И это решение тоже было вызвано от роду присущим мне безрассудством. Но предложение было принято, и нужно было отправляться на место службы. За три года, что я прожил в своей комнатушке, меня ни разу никто не ругал, как бывало дома, и ни с кем я не ссорился. Пожалуй, это было самое беззаботное время в моей жизни. Теперь же приходилось покидать мою маленькую комнатку. За городом я был всего один лишь раз, когда вместе со своими одноклассниками ездил на экскурсию в Камакура. Но сейчас предстояла поездка не в Камакура. Дорога была дальняя. На карте морского побережья это место казалось крохотным, как булавочная головка. Вряд ли оно могло быть стоящим. Кто его знает, что там за город, что за люди живут в нем? Ну, не беда. Волноваться нечего. Нужно ехать, вот и все! Правда, это как-никак немного хлопотно.
С тех пор как продали наш дом, я несколько раз бывал у Киё. Племянник Киё оказался прекрасным человеком. Когда я приходил, он всегда очень радушно принимал и угощал меня, всячески стараясь, чтоб я оставался у них подольше. А Киё, выдвигая меня вперед, на все лады расписывала ему мои достоинства. Однажды она даже объявила, что вот я, мол, заканчиваю училище, покупаю себе дом в районе Кодзимати и буду ходить на службу. Сама выдумала, сама и наболтала, а меня поставила в неловкое положение и заставила краснеть. И такое случалось не раз и не два. Киё выкладывала обо мне всякие подробности, вплоть до того, как я в раннем детстве иногда по ночам делал лужу в постели. От таких рассказов я окончательно терялся и не знал, что сказать.
Неизвестно, что думал племянник, слушая болтовню Киё. Она была женщина старого закала и отношения между мною и собой понимала в духе отношений между господином и слугой феодального времени. Ну а если я был для нее господином, то она, видимо, полагала, что я, конечно, являюсь господином и для ее племянника.

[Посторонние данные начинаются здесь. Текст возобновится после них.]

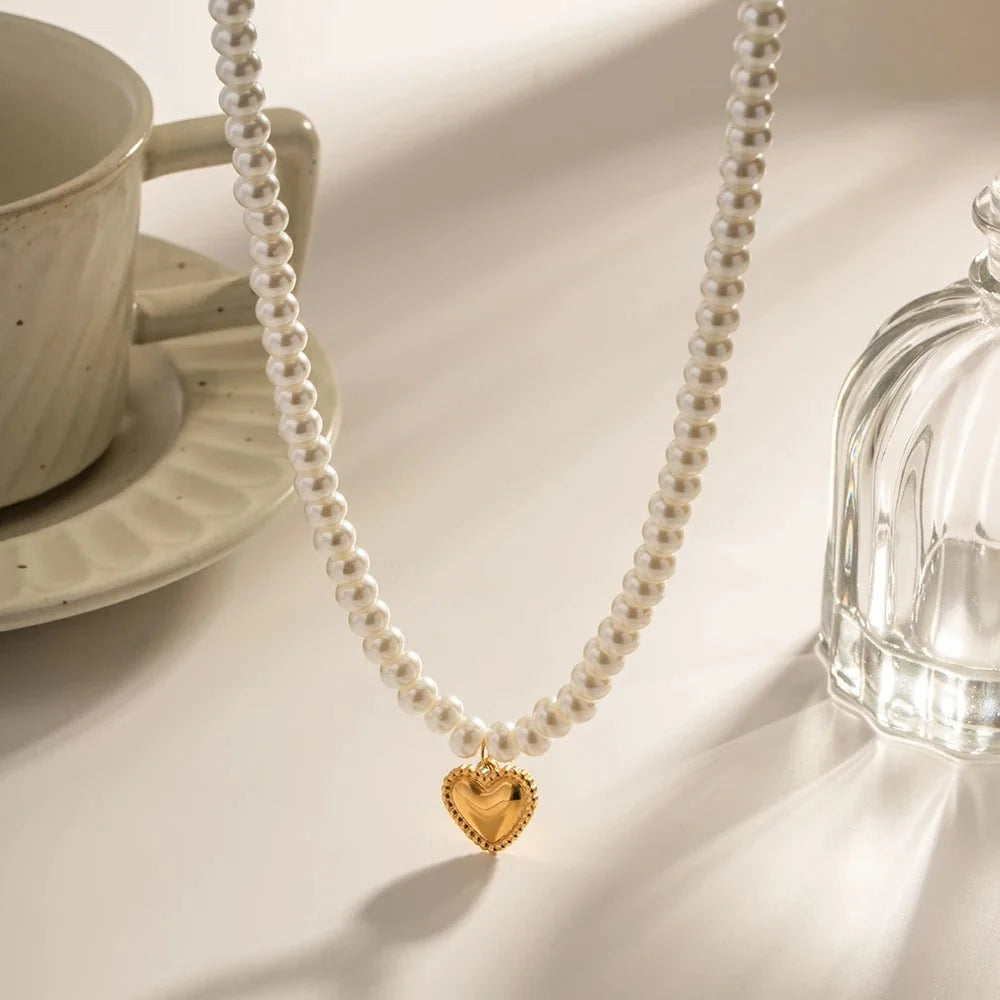 Dainty Pearl Golden Heart Necklace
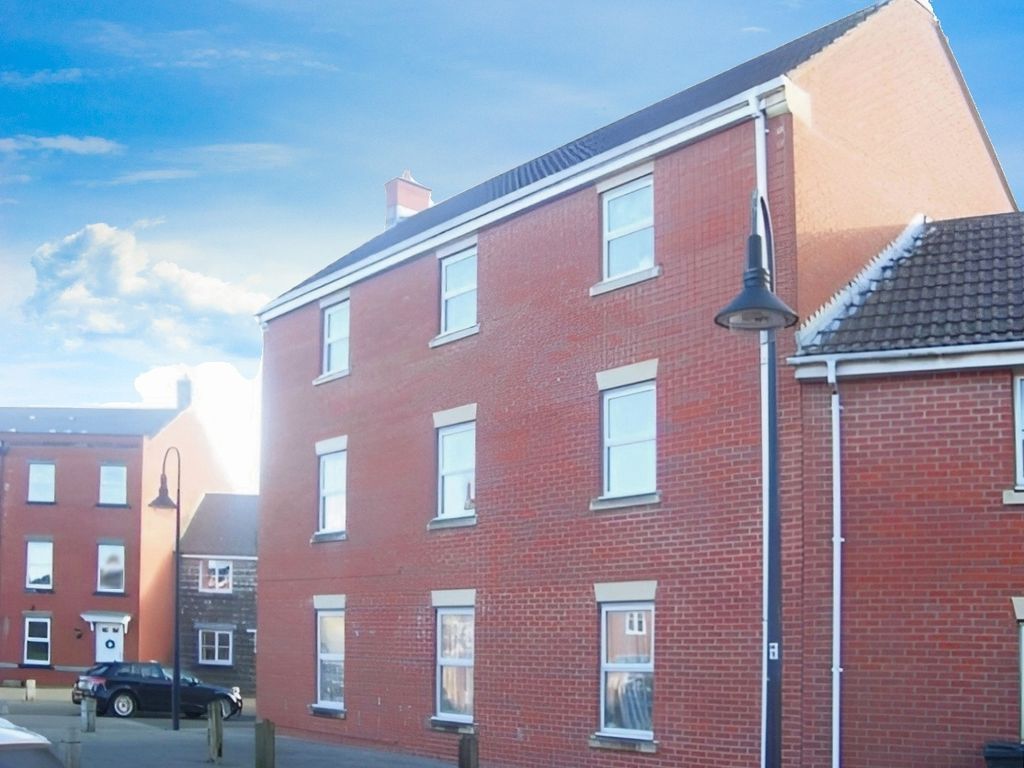 2 bed flat for sale in Stroud Way, Weston-Super-Mare BS24, £160,000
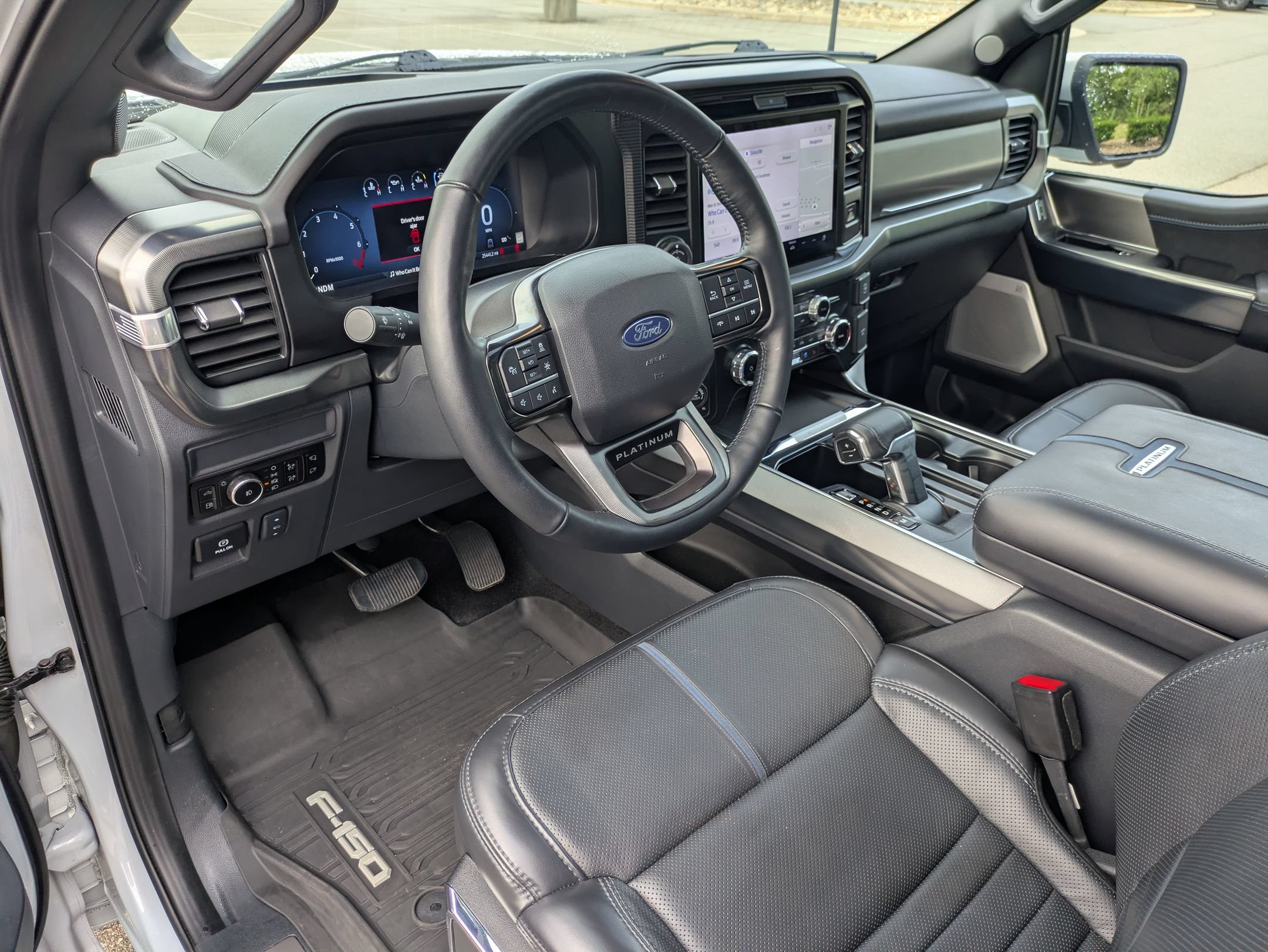 Certified 2025 Ford F150 Platinum w/ Equipment Group 702A High AWD/4WD image 14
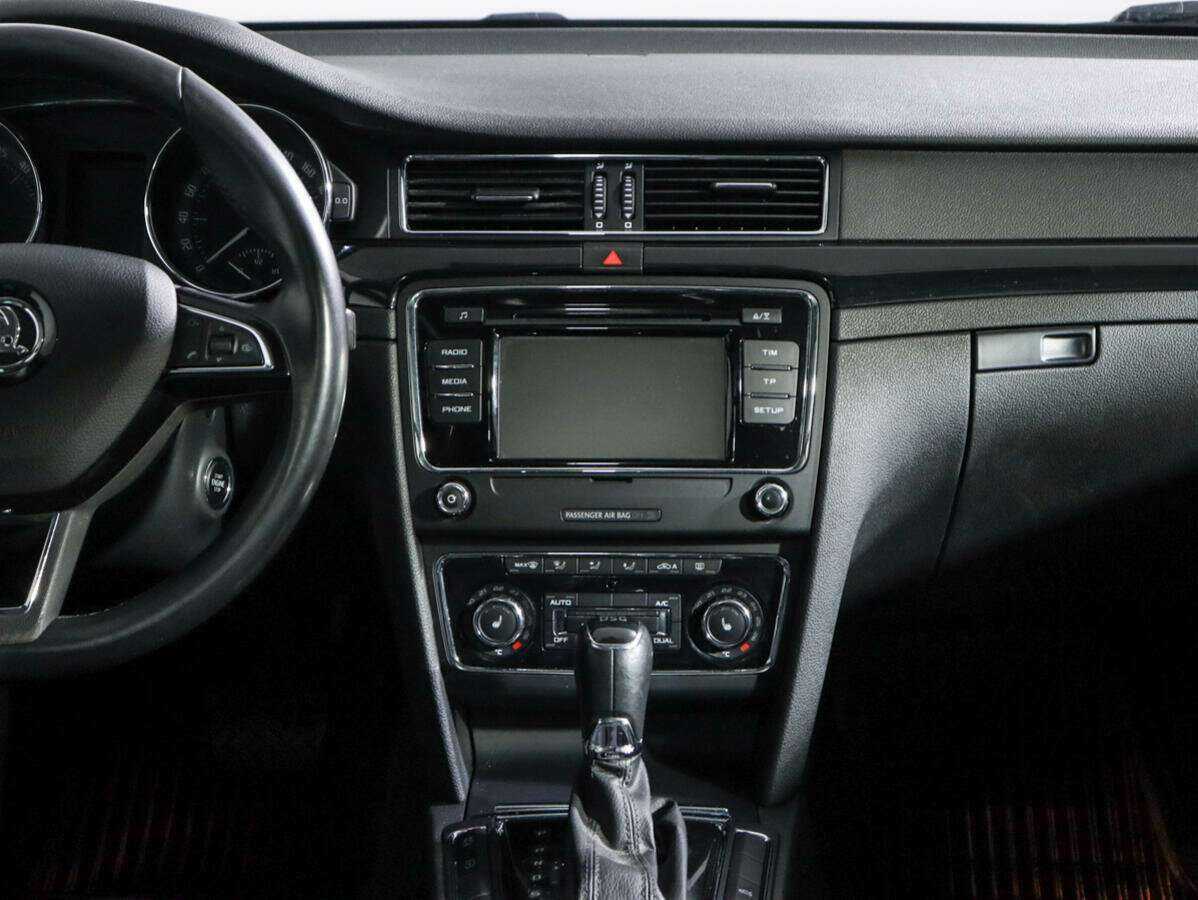 Skoda Superb 2013 года с пробегом. Фото: #12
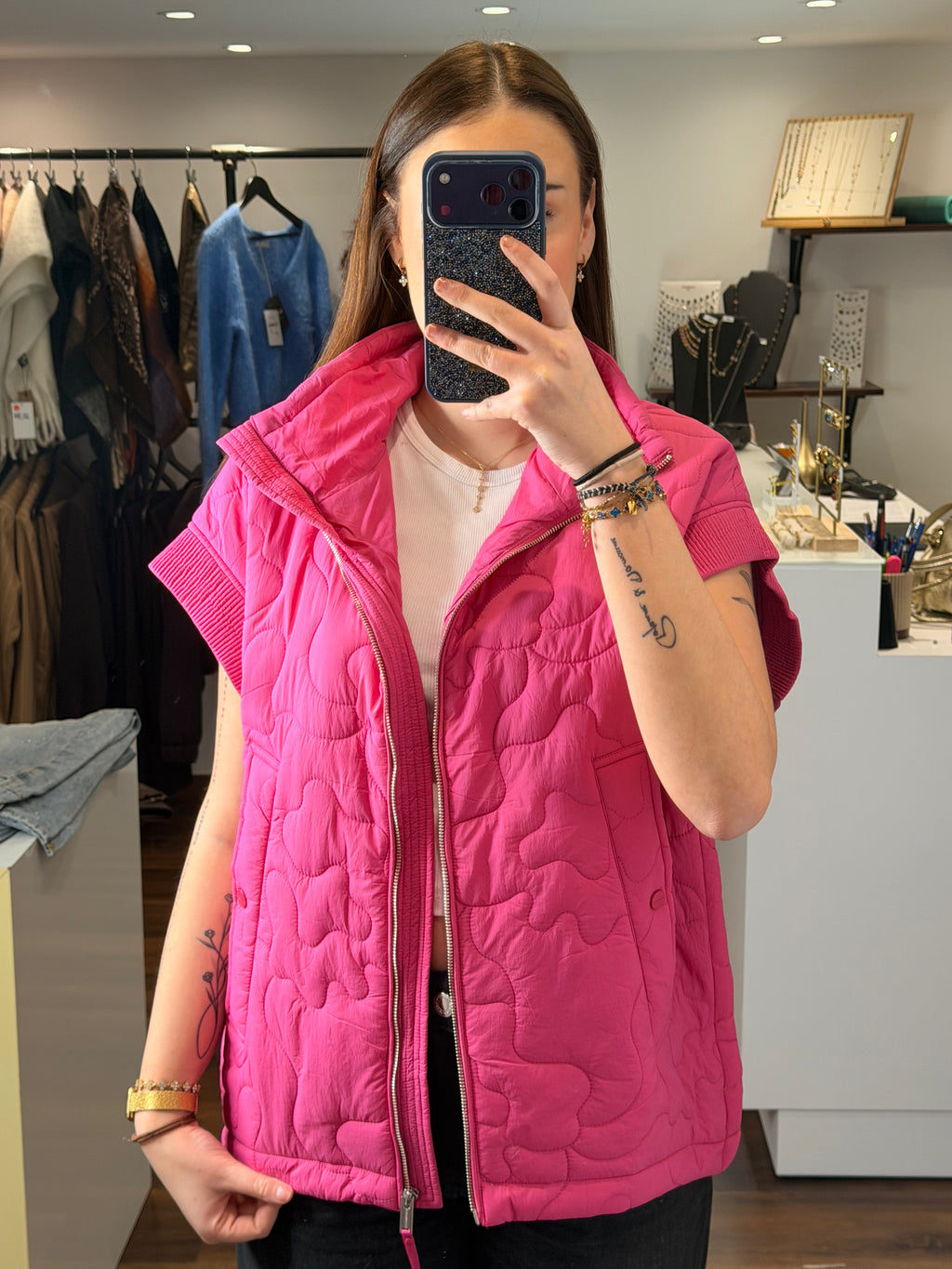 Cape "CAITLYN"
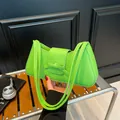 Sac sous le bras vert néon en cuir litchi avec nœud décoratif et doubles bandoulières - Vert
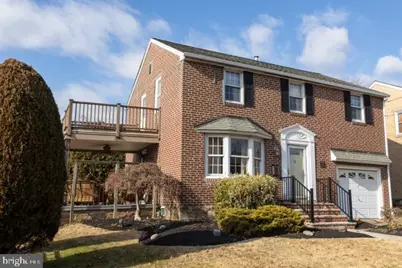 7614 Hasbrook Avenue, Philadelphia, PA 19111 - Photo 8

Каково было это племяннику!
Я уже связал себя обещанием поехать. До отъезда оставалось три дня, и я пошел проститься с Киё. Когда я пришел, она лежала, простуженная, в маленькой комнатушке, выходившей окнами на северную сторону. Увидев меня, Киё приподнялась и сразу же спросила: «Мальчуган, а когда же у тебя будет свой дом?» Она думала, что раз я окончил училище, то теперь деньги сами собой хлынут ко мне в карманы. Тем более глупо было хватать такую «высокую персону» за рукав да еще называть мальчуганом! Я просто сказал ей, что пока у меня нет своего дома и что я еду в провинцию. Когда я упомянул о провинции, она с разочарованным видом стала быстро и как-то растерянно приглаживать свои растрепанные поседевшие волосы. Мне стало жаль старуху.
– Поехать-то я поеду, но скоро вернусь, – утешал я ее. – В будущем году непременно приеду на летние каникулы.